Он сразу понял, пригнул голову и быстро передвинулся на коленях вправо, а пень повалился боком, очень мягко подвернул мой палец под сучок и наконец, словно окончательно надумав, как мальчишка, ринулся галопом вниз, скача и подпрыгивая легко, несмотря на свой вес. Он так и докатился до самой речки, скача и приплясывая, вбежал в речку по сукастые свои колени и встал.
А я смотрел на свой большой палец. Он висел почти отдельно, как с чужой руки. Он уже синел. Испарина выступила у меня на висках. Лешка подбежал ко мне. Он сказал:
- Сломал?
Я сказал:
- Не знаю.
Вокруг уже собралось много народу. Степан Михалыч положил мою кисть на свою широкую ладонь.
- Нет, - сказал он, - не сломал, нет.
- Растяжение, - сказал Тележка.
- Вывих...
- Теперь тебя отправят...
- Не работник, ясно.
Стоявший неподалеку Каторга, вытянув шею, крикнул:
- Это он сам над собой сделал, самострел клятый...

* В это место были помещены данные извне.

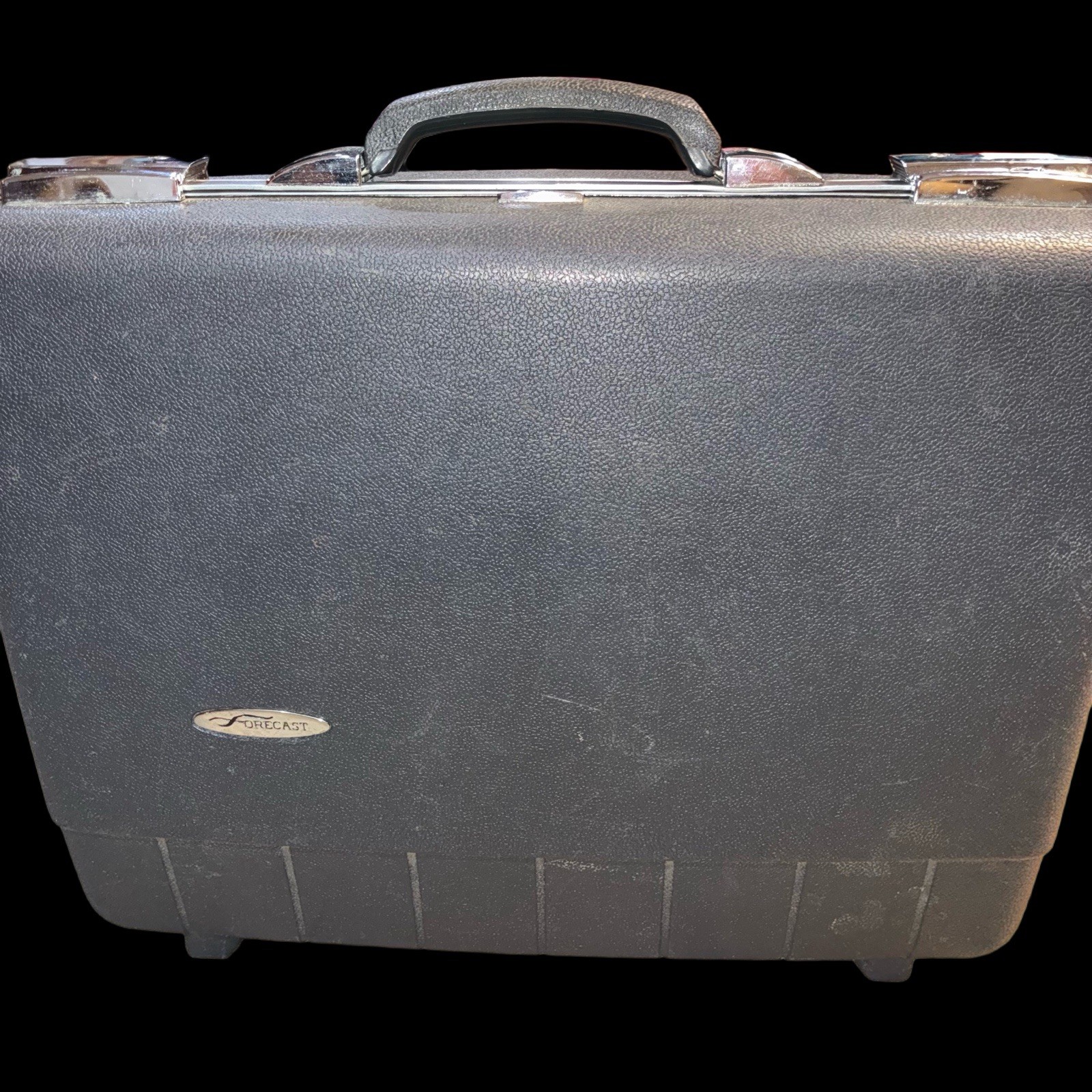 Vintage Sears Forecast Travel Case Suitcase Without Keys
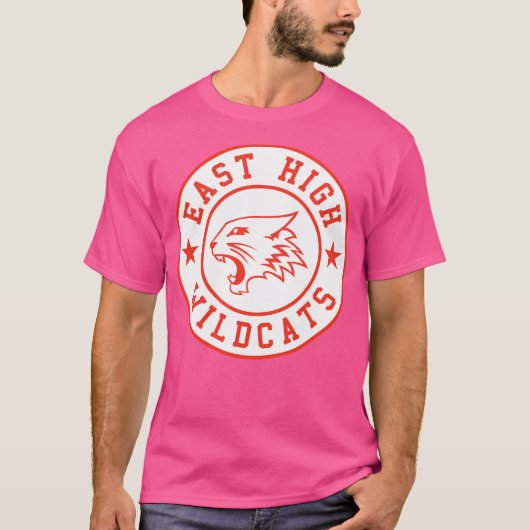 Ost-Wildkatzen T-Shirt (Vorderseite)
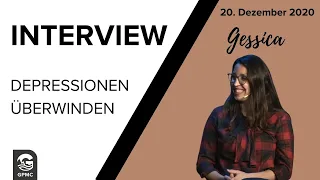 DEPRESSIONEN ÜBERWINDEN | Interview mit Gessica | Hopestudio vom 20.12.20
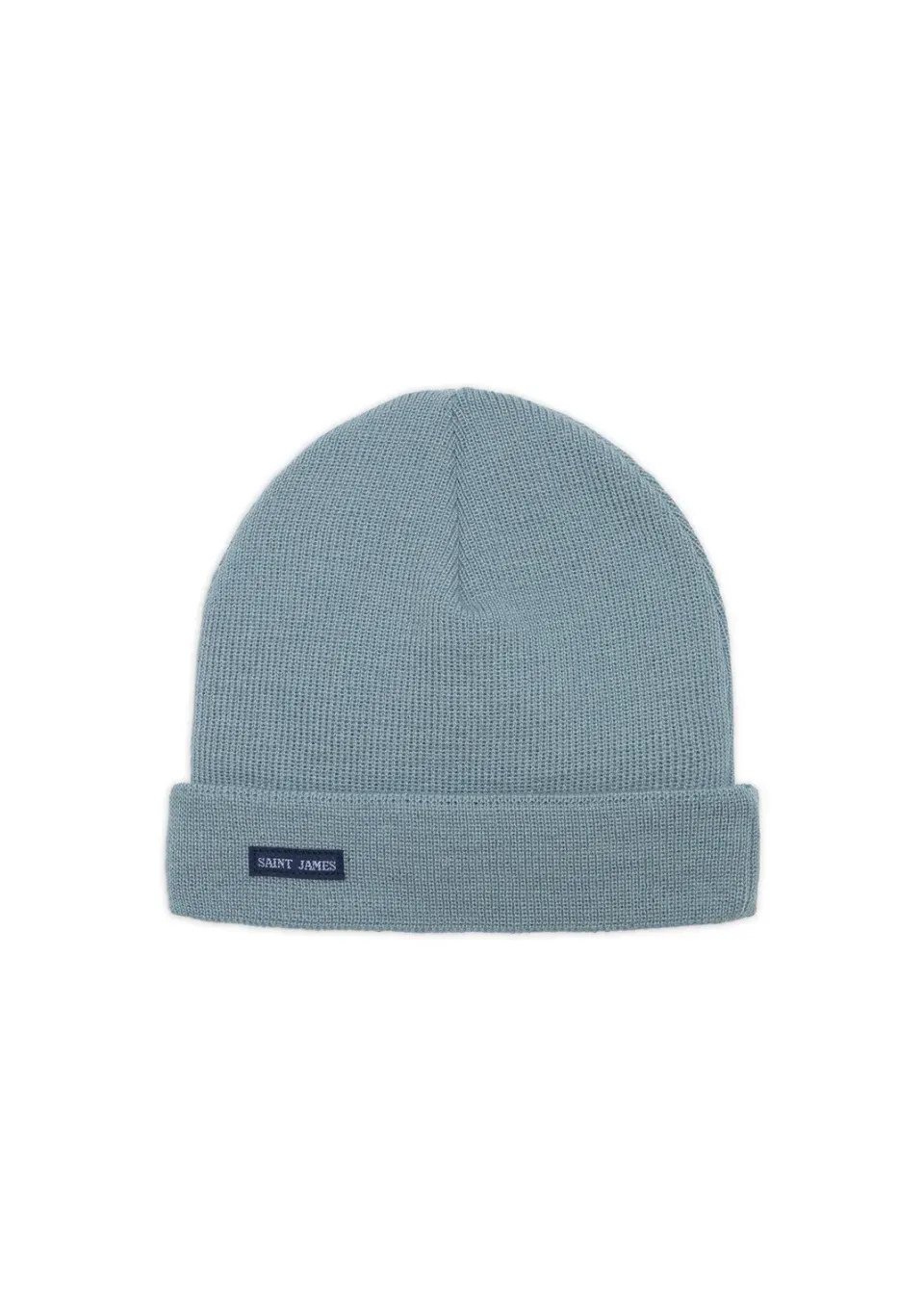 Saint James bonnet de quart adulte céleste clair laine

Лешка погрозил ему кулаком.
- Позовите Сему, - сказал Байсеитов.
Сережа Любомиров сказал:
- Сейчас.
Но кто-то уже вел Сему. Он был как гном, бородатый и горбатенький. Я его знаю по Москве, он расклейщик афиш, свой брат, такой же, как и я, служитель муз.
- Ну-ка, - сказал Сема, - покажь.
Он погладил мой палец, осторожно, не причинив боли, наоборот, даже приятно было.
- Этот палец, - сказал Сема важно, - этот самый палец выскочил из своего гнезда. Держите огольца. И ничего особенного.
Лешка обнял меня сзади за плечи и прижал к себе.